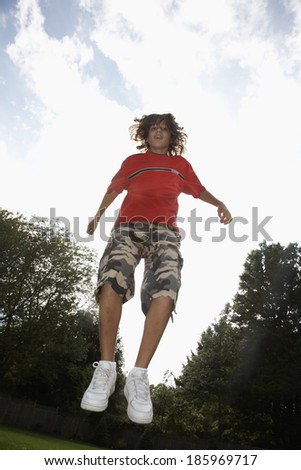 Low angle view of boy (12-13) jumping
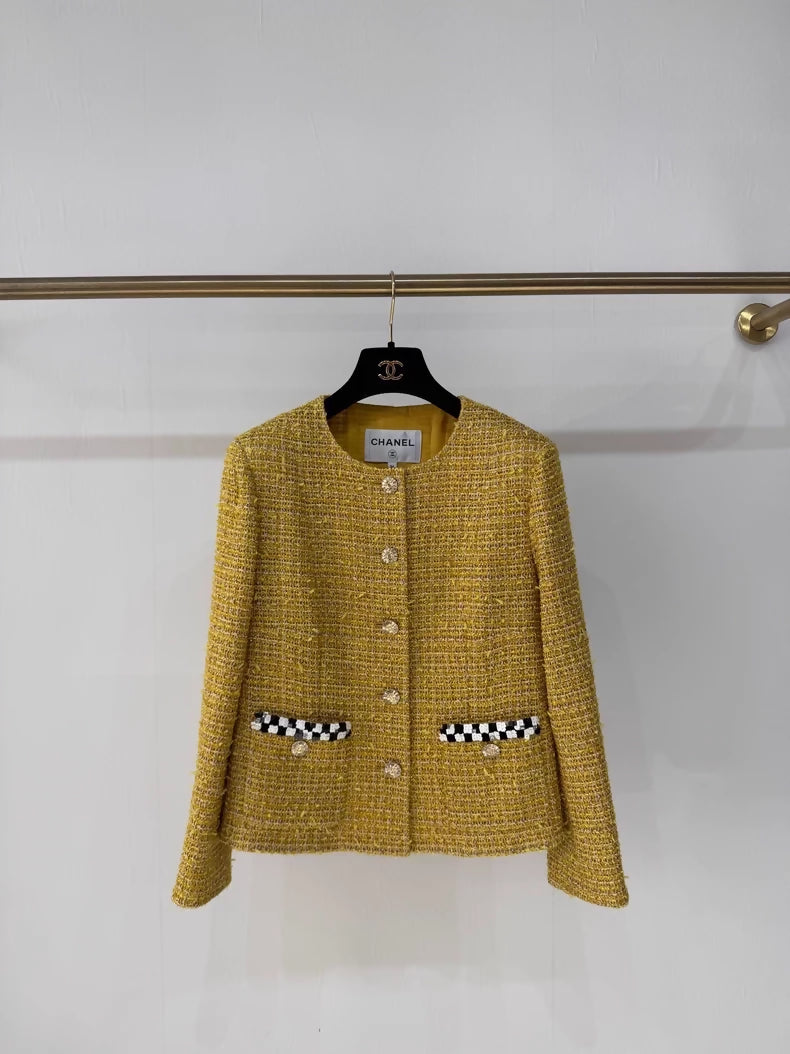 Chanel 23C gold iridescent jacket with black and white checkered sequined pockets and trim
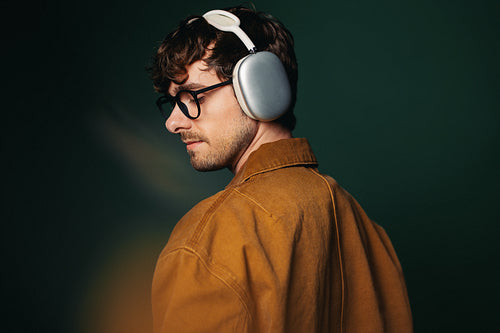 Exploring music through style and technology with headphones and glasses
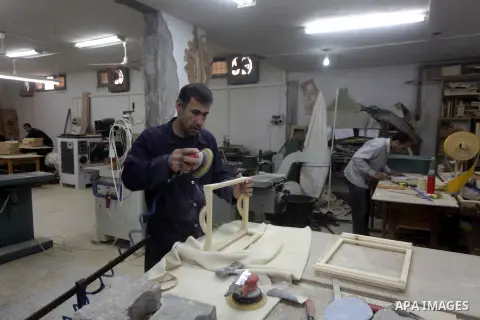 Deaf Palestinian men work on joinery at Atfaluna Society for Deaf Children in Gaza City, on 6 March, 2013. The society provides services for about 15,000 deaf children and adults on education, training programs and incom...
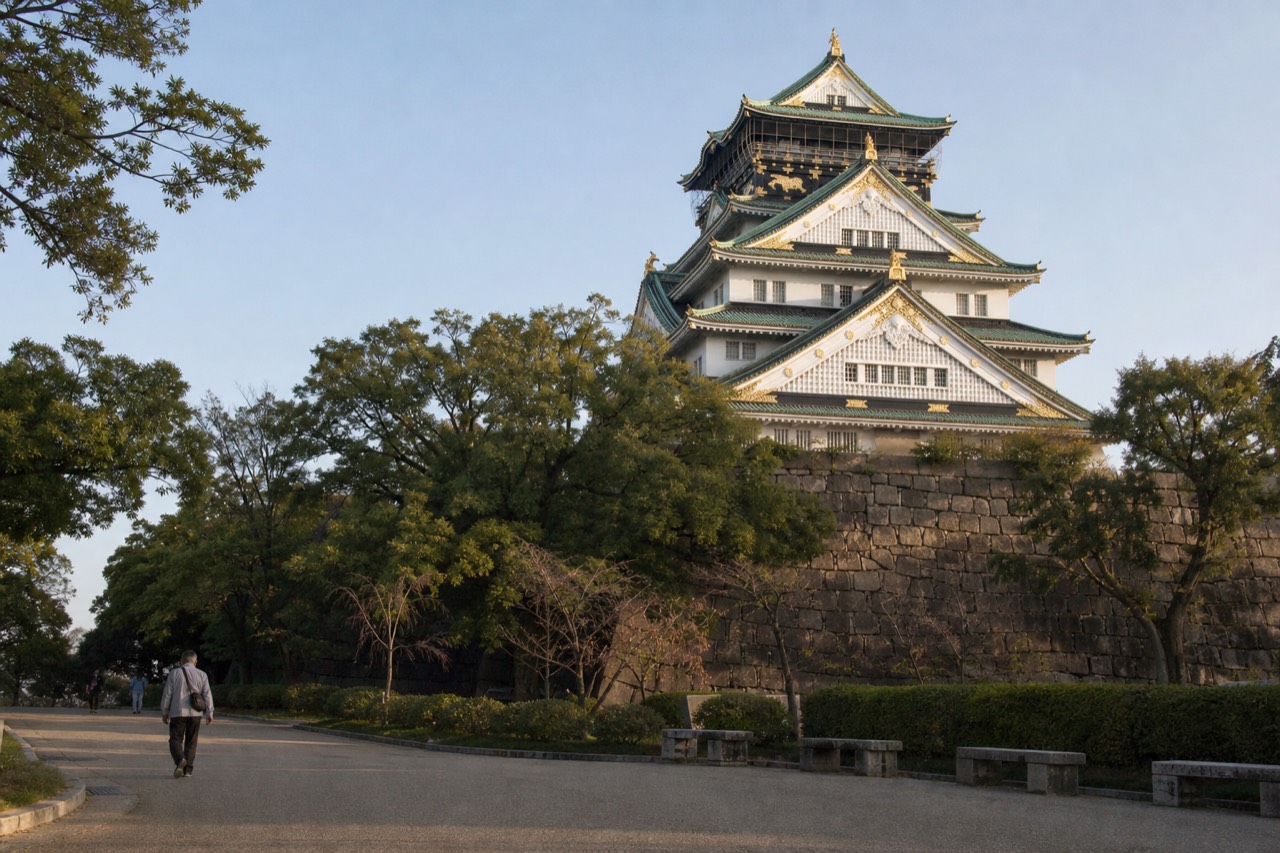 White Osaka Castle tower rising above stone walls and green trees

▶ **What you have to do**: Ending at the line with "Exploring music through", reproduce exactly the lines that begin at the top of the data, and include no pictures.

▶ **Response to this task**:
 Low angle view of boy (12-13) jumping
 Chanel 23C gold iridescent jacket with black and white checkered sequined pockets and trim
 Exploring music through style and technology with headphones and glasses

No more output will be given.